Permanent proximal occlusion
o Metallic coils exist in multiple combinations of shape (elical,
3D),
length and release mechanism (controlled or not controlled) and can be inserted either via regular catheters or micro-catheters.
They cause a proximal occlusion of the vessel,
but if smaller in side can be useful also for a distal vessel occlusion.
The correct choice of the coil is essential because larger coils can be unable to fit in small vessels and longer ones can retreat into not target vessels with the risk of an undesired occlusion.
o Vascular plugs comprise a detachable nitinol cage filled with thrombogenic polyester filaments.
Vascular plugs provide rapid embolization of large vessels and are ideal for high-flow situations.
Complications
RAE is generally considered a safe procedure,
with a relatively low complication rate compared to surgery,
but nonspecific and specific complications are described in literature.
Nonspecific complications
Complications not directly associated with the embolization procedure can occur as a result of endovascular manoeuvres,
such as groin haematoma/pseudoanerysm and arterial dissection or thrombosis.

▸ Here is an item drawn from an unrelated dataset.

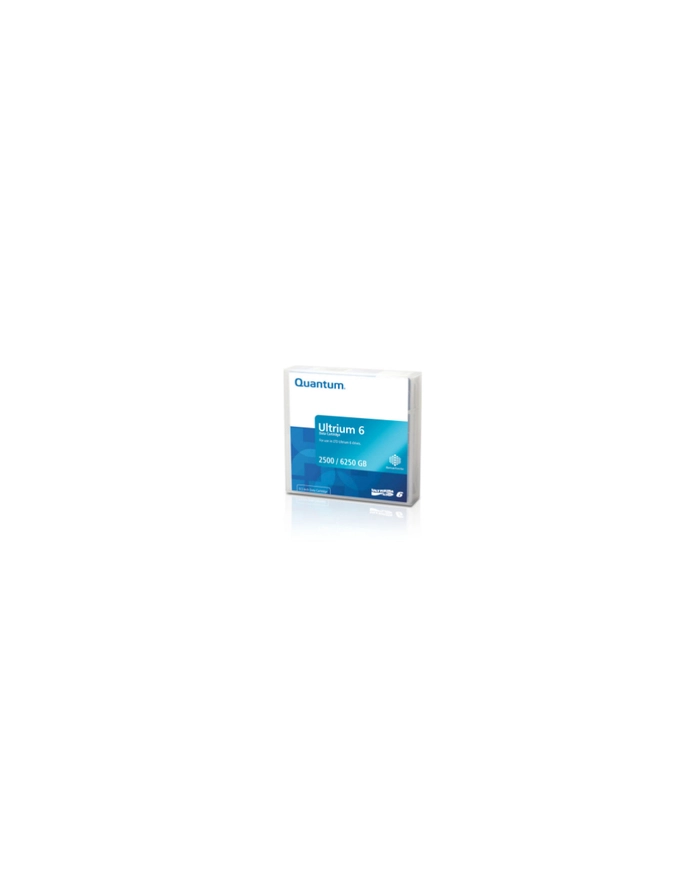 Quantum data cartridge, LTO Ultrium 6 (LTO-6) WORM. Must order in multiples of 20. główny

Additional complications might occur as a consequence of exposure to radiographic contrast media,
such as contrast-induced nephropathy or anaphylaxis.
(Fig.5)
Specific complications
As already outlined inadvertent embolization of not targeted areas can result in extensive or minimal renal infarction,
as well as infarction to sites different from kidney such as adrenal glands and lower limbs.
The majority of these incidents were reported in the 1970s and 1980s,
when non-selective RAE was performed,
and are now considered rare due to the improvement of embolic agents and the increased awareness of the operators.
Due to their small size,
microparticles are contraindicated among patients with AVF because of the risk of induce venous embolism.